# An alternative to Sketchup.



## Johnboy (12 Apr 2006)

Sketchup seems to be getting popular around here especially with Dave's excellent tips and tutorials. Before splashing out the quite large sum for Sketchup I would suggest trying Alibre Xpress which is available for free. Below is a small demo showing the modelling and modification of a simple flat panel door or drawer front similar to one shown by Dave recently.

First a rectangle is drawn on any workplane and dimensioned.






This is then extruded to the thickness you want (18mm here) resulting in a solid.





A rectangle is then drawn on the front face and the width of the rails and stiles dimensioned.





An "extrude cut" is made with this rectangle to make a panel recessed 6mm into the face completing the model.





The beauty of CAD is when you decide to change the dimensions or want to make several doors in different sizes. For example if I want to change the size to 1200 x 400 I just select the original sketch and edit it.





Update the model and you get this.





Perhaps that bottom rail could be a bit thicker so just edit the second sketch to make it 125mm instead of 50mm.





Update the model and job done.





Open a drawing select this part and choose what views you want, add a few dimensions (which are linked to the model so automatically change with changes to the model).





I haven't used Sketchup so don't how easy this would be using it but for free I think Alibre is worth trying.

No connections etc.

Hope this was of interest.

John


----------



## martyn2 (12 Apr 2006)

look intressing any links to the down load site ?

Martyn


----------



## Johnboy (12 Apr 2006)

Doh! knew I missed something.

http://www.alibre.com/xpress/

John


----------



## martyn2 (12 Apr 2006)

many thanks

Martyn


----------



## SketchUp Guru (12 Apr 2006)

Interesting. And for free, too!

Does it do perspective views or only isometric ones?
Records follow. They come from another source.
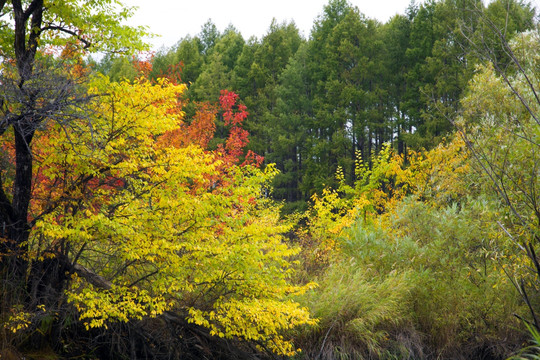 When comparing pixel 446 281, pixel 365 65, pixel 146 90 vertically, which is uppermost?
pixel 365 65

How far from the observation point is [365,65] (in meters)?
24.8

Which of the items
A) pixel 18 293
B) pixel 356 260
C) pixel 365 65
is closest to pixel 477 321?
pixel 356 260

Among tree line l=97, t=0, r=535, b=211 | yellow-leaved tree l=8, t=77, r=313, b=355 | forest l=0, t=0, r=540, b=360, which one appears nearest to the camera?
forest l=0, t=0, r=540, b=360

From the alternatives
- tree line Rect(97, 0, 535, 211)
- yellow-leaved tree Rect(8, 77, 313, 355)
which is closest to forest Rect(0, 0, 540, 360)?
yellow-leaved tree Rect(8, 77, 313, 355)

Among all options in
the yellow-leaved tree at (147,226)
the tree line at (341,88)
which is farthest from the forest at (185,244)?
the tree line at (341,88)

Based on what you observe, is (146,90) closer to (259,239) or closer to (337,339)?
(259,239)

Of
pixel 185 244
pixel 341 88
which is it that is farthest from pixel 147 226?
pixel 341 88

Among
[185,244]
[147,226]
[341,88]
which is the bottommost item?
[185,244]

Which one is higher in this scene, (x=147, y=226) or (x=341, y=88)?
(x=341, y=88)

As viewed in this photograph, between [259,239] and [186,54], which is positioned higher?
[186,54]

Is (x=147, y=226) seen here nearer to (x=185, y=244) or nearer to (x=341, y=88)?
(x=185, y=244)

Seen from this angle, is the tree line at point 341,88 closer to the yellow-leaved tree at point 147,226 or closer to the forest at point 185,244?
the forest at point 185,244

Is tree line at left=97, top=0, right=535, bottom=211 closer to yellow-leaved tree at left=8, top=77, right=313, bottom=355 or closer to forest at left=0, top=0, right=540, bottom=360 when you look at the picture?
forest at left=0, top=0, right=540, bottom=360

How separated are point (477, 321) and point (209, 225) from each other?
506cm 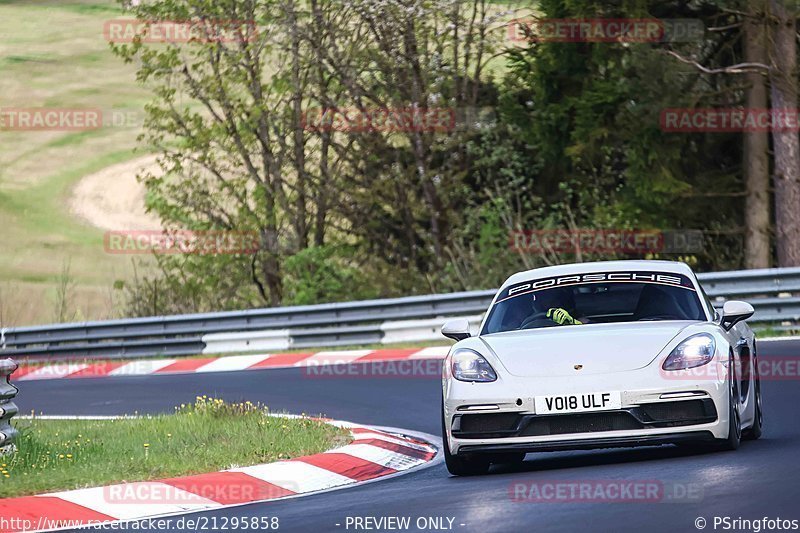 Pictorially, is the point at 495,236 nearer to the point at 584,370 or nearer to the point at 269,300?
the point at 269,300

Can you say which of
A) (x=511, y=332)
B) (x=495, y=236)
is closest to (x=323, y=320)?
(x=495, y=236)

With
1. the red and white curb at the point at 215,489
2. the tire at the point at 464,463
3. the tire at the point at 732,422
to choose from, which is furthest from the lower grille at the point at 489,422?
the tire at the point at 732,422

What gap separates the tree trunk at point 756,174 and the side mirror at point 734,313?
47.0 ft

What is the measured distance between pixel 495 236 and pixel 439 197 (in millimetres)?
2007

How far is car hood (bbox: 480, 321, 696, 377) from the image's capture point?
28.9 feet

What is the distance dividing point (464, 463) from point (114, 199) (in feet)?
156

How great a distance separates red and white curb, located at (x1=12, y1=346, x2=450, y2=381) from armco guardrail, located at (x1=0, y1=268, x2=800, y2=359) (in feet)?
1.34

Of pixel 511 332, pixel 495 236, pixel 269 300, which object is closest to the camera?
pixel 511 332

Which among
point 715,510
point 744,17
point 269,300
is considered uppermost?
point 744,17

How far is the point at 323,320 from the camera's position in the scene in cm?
2188

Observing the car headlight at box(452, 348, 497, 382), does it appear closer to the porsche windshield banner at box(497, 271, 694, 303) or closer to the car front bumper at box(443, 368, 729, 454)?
the car front bumper at box(443, 368, 729, 454)

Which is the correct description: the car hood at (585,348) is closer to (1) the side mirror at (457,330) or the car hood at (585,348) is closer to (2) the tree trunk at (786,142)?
(1) the side mirror at (457,330)

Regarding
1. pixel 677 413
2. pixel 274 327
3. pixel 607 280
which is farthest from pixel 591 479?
pixel 274 327

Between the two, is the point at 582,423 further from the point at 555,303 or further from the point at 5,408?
the point at 5,408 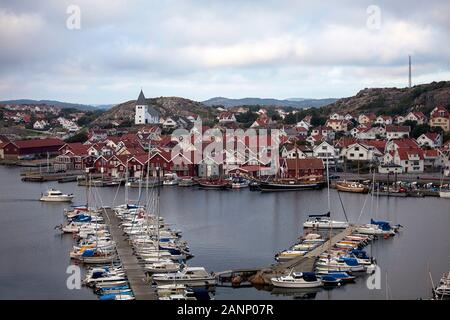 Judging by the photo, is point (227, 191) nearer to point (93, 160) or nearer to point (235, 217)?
point (235, 217)

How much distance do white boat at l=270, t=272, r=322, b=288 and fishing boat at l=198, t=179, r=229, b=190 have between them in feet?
33.0

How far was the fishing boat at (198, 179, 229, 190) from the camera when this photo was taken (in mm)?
18108

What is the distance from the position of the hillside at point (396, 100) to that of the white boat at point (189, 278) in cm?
2241

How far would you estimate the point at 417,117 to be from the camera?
2684 centimetres

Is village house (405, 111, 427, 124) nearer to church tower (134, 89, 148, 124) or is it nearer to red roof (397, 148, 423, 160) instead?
red roof (397, 148, 423, 160)

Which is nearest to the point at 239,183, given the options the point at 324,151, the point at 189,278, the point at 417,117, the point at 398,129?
the point at 324,151

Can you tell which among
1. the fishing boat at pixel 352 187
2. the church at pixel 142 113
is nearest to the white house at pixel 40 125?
the church at pixel 142 113

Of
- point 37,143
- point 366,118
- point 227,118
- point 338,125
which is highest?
point 227,118

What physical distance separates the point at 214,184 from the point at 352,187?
3.65m

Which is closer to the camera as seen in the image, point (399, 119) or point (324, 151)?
point (324, 151)

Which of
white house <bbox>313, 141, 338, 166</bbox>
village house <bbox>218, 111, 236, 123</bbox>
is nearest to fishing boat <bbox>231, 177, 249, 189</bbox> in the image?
white house <bbox>313, 141, 338, 166</bbox>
FWIW, editing a door in SU is as simple and you don't need to draw the dimensions until you're ready for them.

Thanks for the compliments, too.


----------



## Johnboy (13 Apr 2006)

Dave, Perspective, I dont know but will have a play and find out. The views shown were just the model rotated on the screen and dumped into a jpeg.

There is no need to dimension anything in Alibre until you want to either, I just find it easier to add them early.

John


----------



## Johnboy (13 Apr 2006)

Just had a look and it is in the view menu, you can switch between perspective and orthographic.

John


----------



## Chris Knight (13 Apr 2006)

Alibre is a very powerful system - a real parametric solids modeller. A year or so ago, there was a big launch of the freebie version and a few folk here tried it, myself included. The free version is inevitably less capable than the full blown thing but very capable nonetheless. It's interface is rather similar to Solidworks which is thousands of dollars per annum/seat and obviously does a lot more, however Alibre would do all most woodworkers could dream of. However, as has been said before of other CAD programs and Sketchup, they are two different animals.


----------



## Bean (13 Apr 2006)

The manufacturers of Solidworks and Pro Engineer have supplied cutdown versions as free handouts to Tech Schools, if you know someone at one of these schools you could get one or a copy...........not that I said that


Bean


----------